The 60-year old Fund, like any thrifty pensioner keen on maximising returns, wants to invest the sale proceeds in US government and corporate bonds to generate regular income and meet a $400 million shortfall projected over the next two to three years.
It had recently announced budgetary cuts of $100 million spread over three years up to 2011.
IMF director general Dominique Strauss-Kahn says the decision to overhaul the ts income model was difficult but necessary to modernise the institution and put it on a ''solid financial footing''.
The Washington-based institution expects to profit from the recent surge in gold prices that had reached around $1,000 per ounce in March and have remained volatile ever since, as investors retreat from volatile financial markets.
Though the IMF feels the radical plan would net around $6 billion for the sale of 12.97 million ounces or 12 per cent of its holdings of 103.4 million ounces, estimated at January prices to be worth $95 billion, IMF officials say the sale would have to be staggered over several years to avoid causing a market disruption.
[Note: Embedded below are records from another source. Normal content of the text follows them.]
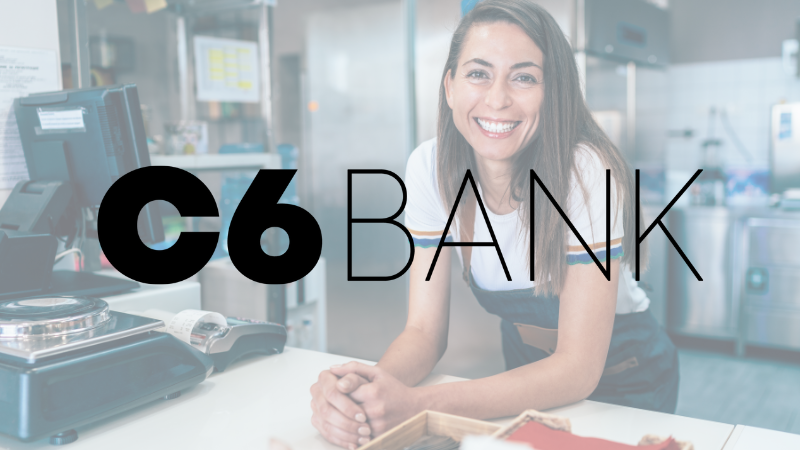 Logomarca do C6 Bank sobre imagem de fundo de uma mulher trabalhando em uma loja.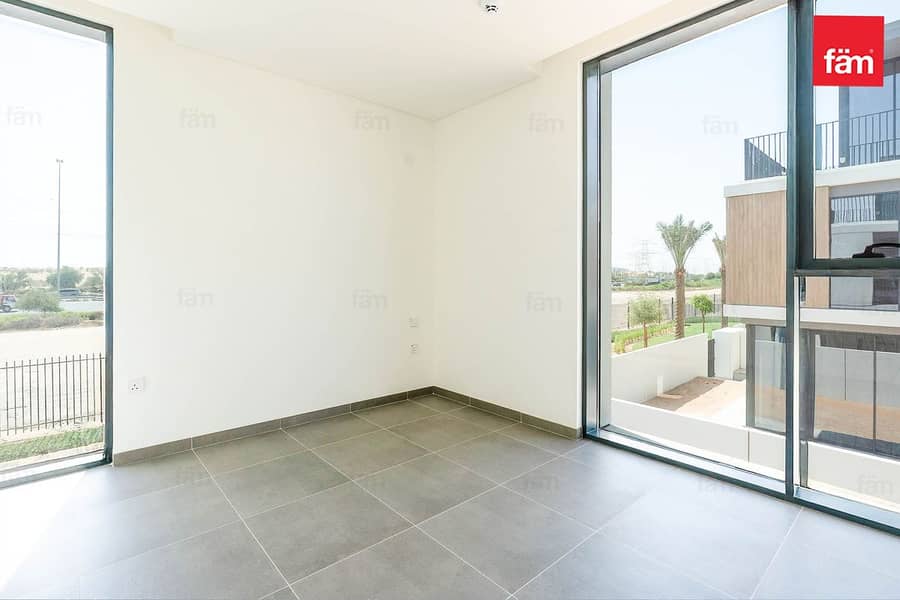 Modern Family Villa | Single Row | Vacant - Image 9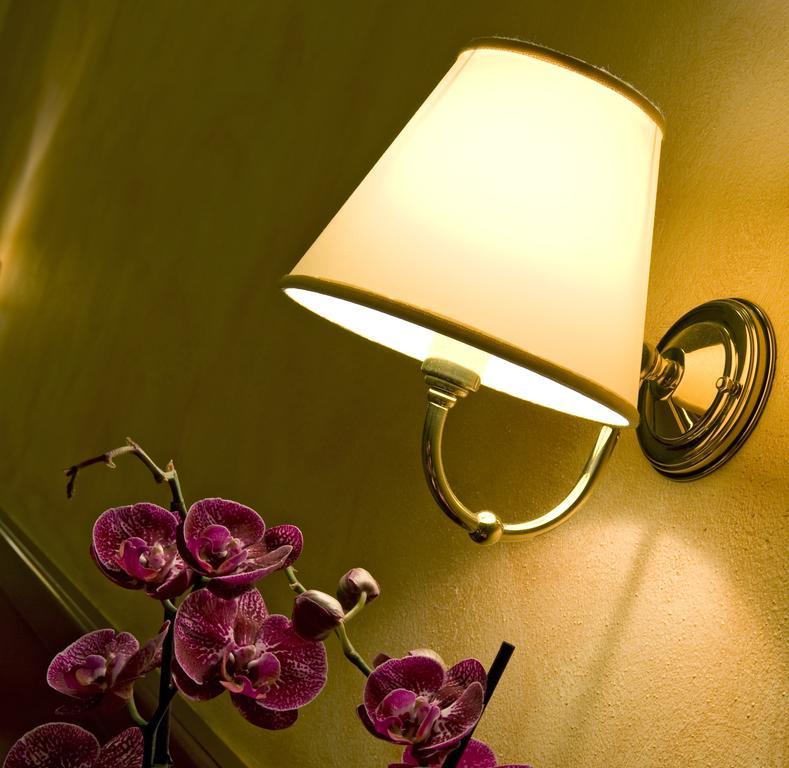 Hotel Scaligero Sommacampagna Buitenkant foto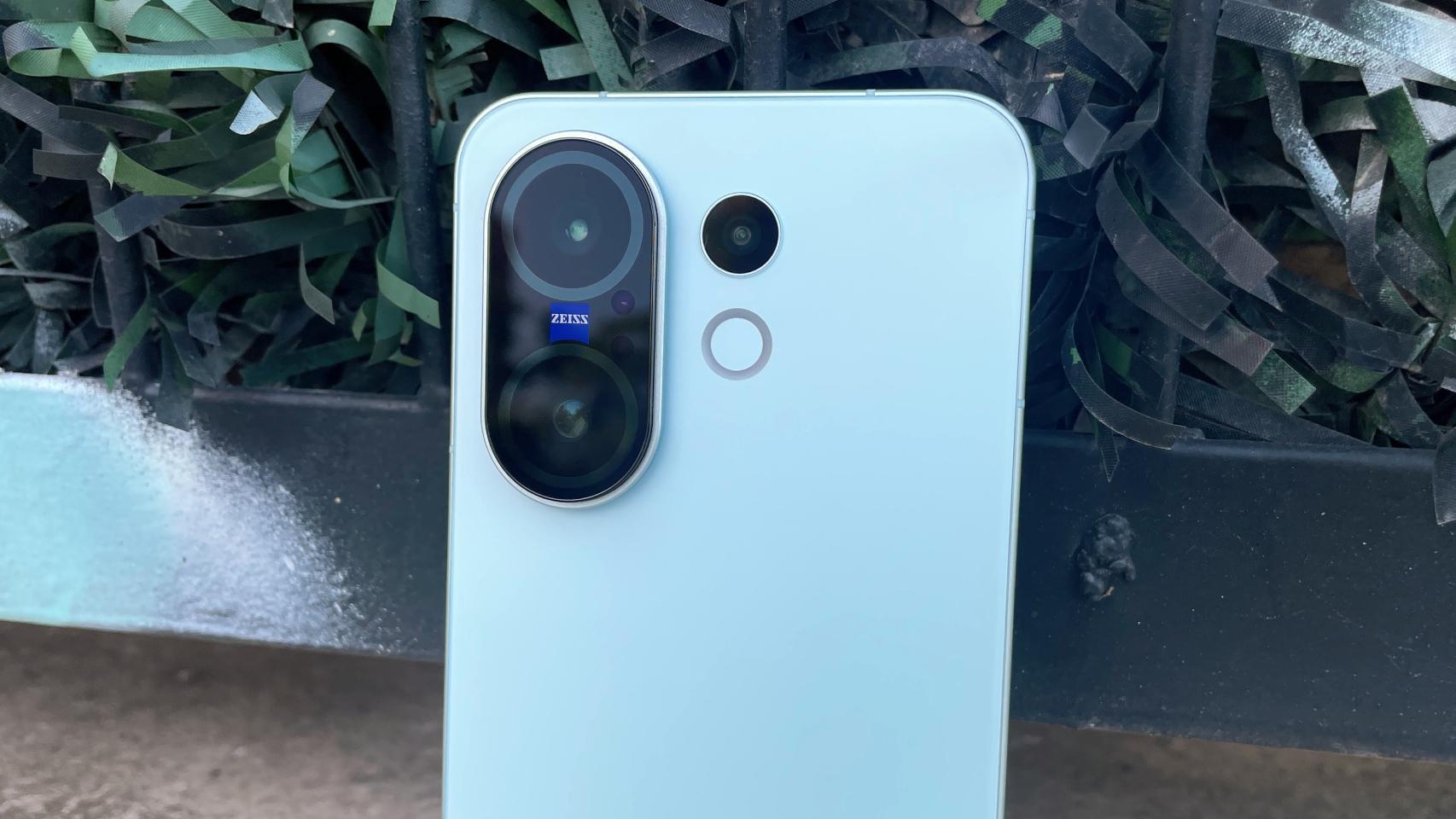 Las cámaras del VIVO X200 FE.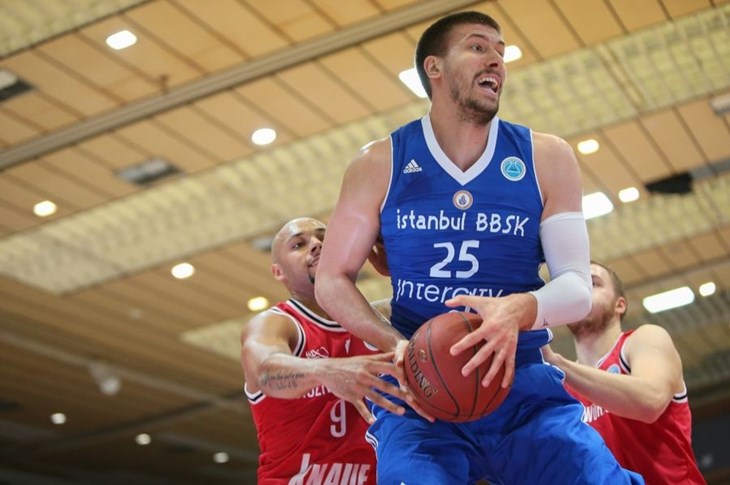 Sjajan nastup Ivana Buve u pobjedi Istanbula, Fenerbahče lako do novog slavlja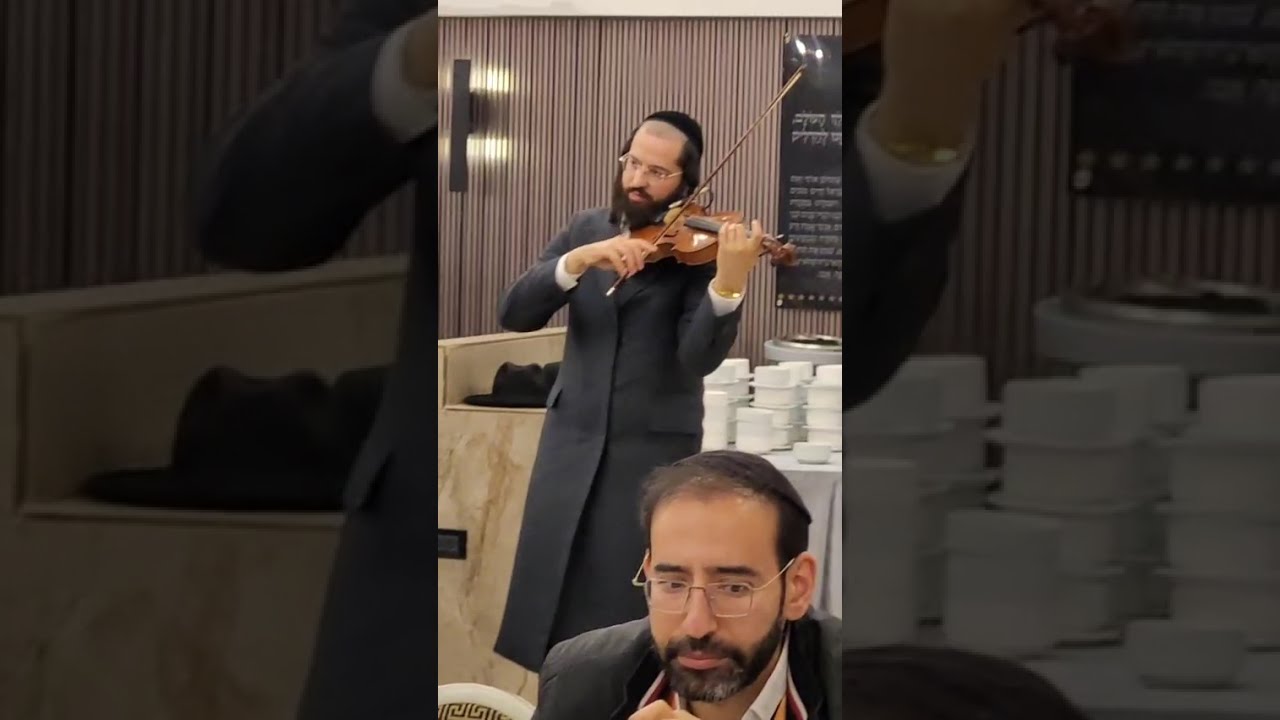 שרוליק לפקוביץ מנעים בכינורו בוועידת חלקי בקהילתי
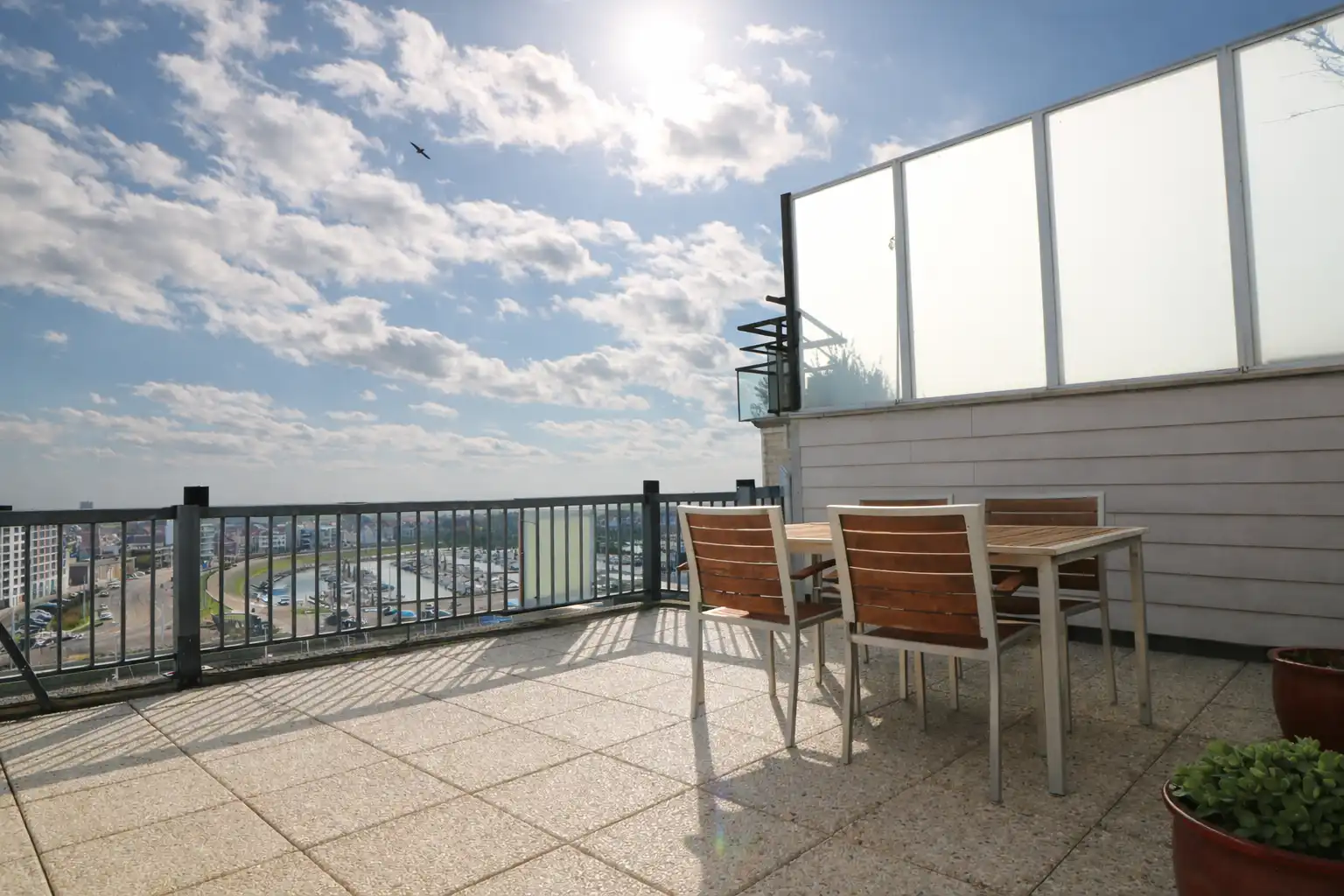 Penthouse met ruime terrassen en fantastisch zicht op de jachthaven. foto {{pictureIndex}}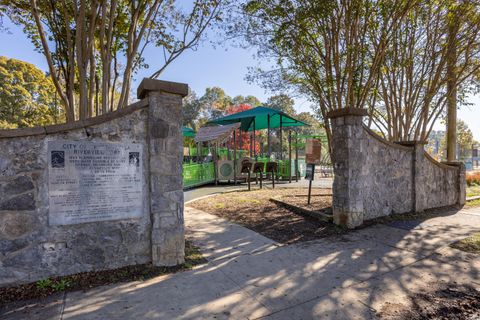 Tiny photo for 1037 Garnett Avenue, Chattanooga, TN 37405 (MLS # 1527250)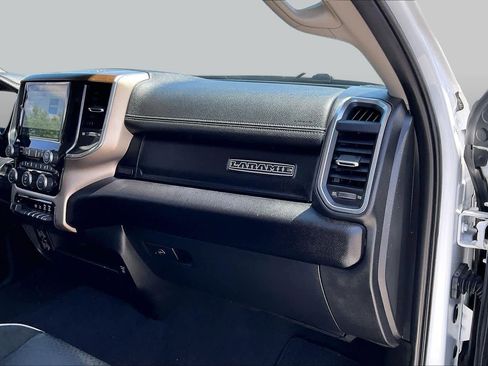 Used 2024 RAM 2500 Laramie w/ Safety Group AWD/4WD image 17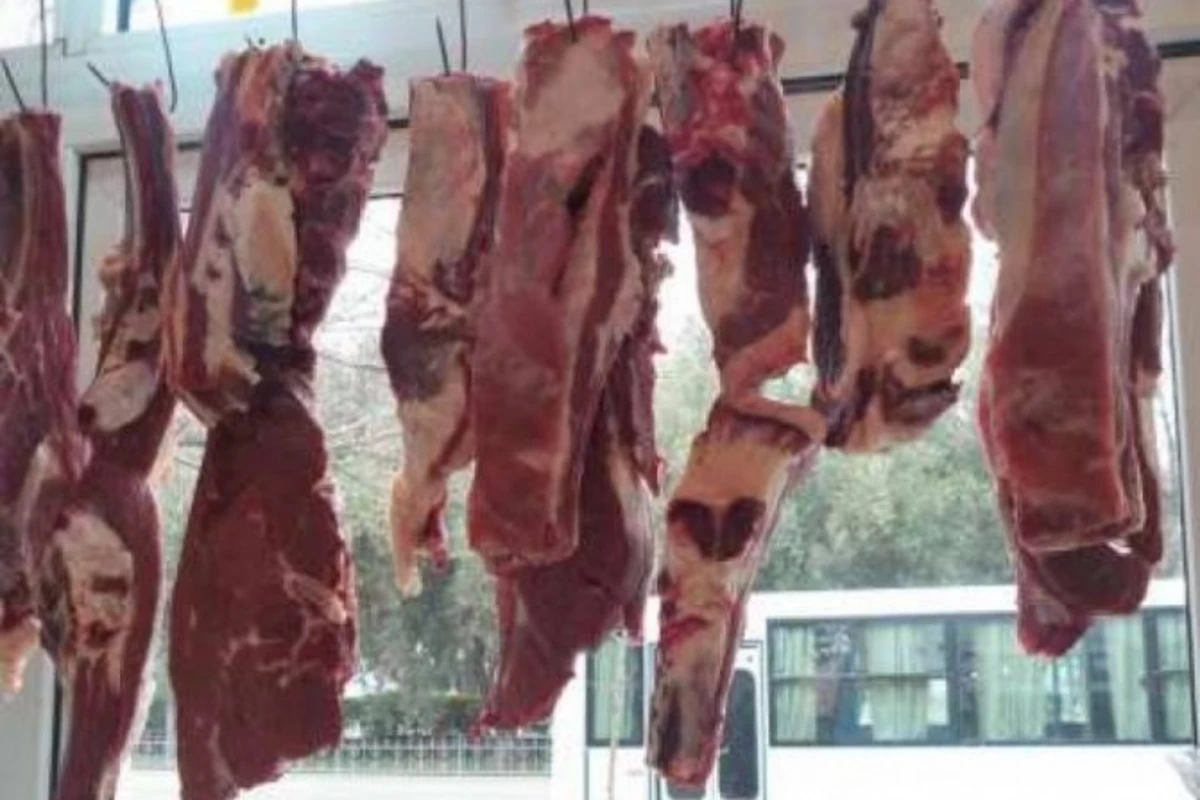 В Баку в преддверии праздника Гурбан подорожало мясо (видео)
Over the last 60 years the IMF has acted as lender of the last resort to poor countries and distressed economies, helping them meet their payment obligations and restructure their economies. In the early '90s, India had borrowed from the IMF to overcome a balance of payment crisis, prior to its early steps towards liberalisation.
However, in the past decade the need for emergency loans from the IMF has diminished as several developing economies, particularly in Asia, have improved their economies and accumulated foreign exchange reserves defuse financial crisis.
The decision follows the Fund restructuring its voting power last month to move voting power away from traditional powers like the US, the UK and Germany to emerging countries, including China, India and Brazil, which are playing a growing role in the global economy.